● Directions for this task: Within the entries below, the lines from the one with "Cover: 9780521007542 |" through the one with "Panda White Marble Table Top" are to be set down exactly, both ends kept.

● Input data:
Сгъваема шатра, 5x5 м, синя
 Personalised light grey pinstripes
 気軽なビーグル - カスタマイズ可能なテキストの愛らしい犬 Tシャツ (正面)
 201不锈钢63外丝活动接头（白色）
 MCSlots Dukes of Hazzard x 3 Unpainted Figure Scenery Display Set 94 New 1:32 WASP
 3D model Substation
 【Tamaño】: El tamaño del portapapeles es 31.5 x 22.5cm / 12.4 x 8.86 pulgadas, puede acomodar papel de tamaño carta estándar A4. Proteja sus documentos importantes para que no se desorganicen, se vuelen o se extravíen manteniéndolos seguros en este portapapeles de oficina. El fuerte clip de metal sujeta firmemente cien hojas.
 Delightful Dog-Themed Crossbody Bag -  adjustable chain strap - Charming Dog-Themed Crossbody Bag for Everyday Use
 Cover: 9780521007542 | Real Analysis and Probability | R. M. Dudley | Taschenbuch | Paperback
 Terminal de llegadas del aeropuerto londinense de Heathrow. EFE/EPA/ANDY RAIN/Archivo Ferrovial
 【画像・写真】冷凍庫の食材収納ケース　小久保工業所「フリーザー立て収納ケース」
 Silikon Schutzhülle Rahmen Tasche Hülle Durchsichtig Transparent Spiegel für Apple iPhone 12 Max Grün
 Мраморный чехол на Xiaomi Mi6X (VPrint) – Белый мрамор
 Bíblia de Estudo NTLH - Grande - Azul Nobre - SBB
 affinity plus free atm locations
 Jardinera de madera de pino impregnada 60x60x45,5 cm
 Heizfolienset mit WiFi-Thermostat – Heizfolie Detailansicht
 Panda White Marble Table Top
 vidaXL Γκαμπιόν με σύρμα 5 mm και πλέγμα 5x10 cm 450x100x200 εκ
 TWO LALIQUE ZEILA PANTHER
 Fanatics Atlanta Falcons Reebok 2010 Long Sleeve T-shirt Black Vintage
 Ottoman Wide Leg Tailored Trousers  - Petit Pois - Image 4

● Task answer:
 Cover: 9780521007542 | Real Analysis and Probability | R. M. Dudley | Taschenbuch | Paperback
 Terminal de llegadas del aeropuerto londinense de Heathrow. EFE/EPA/ANDY RAIN/Archivo Ferrovial
 【画像・写真】冷凍庫の食材収納ケース　小久保工業所「フリーザー立て収納ケース」
 Silikon Schutzhülle Rahmen Tasche Hülle Durchsichtig Transparent Spiegel für Apple iPhone 12 Max Grün
 Мраморный чехол на Xiaomi Mi6X (VPrint) – Белый мрамор
 Bíblia de Estudo NTLH - Grande - Azul Nobre - SBB
 affinity plus free atm locations
 Jardinera de madera de pino impregnada 60x60x45,5 cm
 Heizfolienset mit WiFi-Thermostat – Heizfolie Detailansicht
 Panda White Marble Table Top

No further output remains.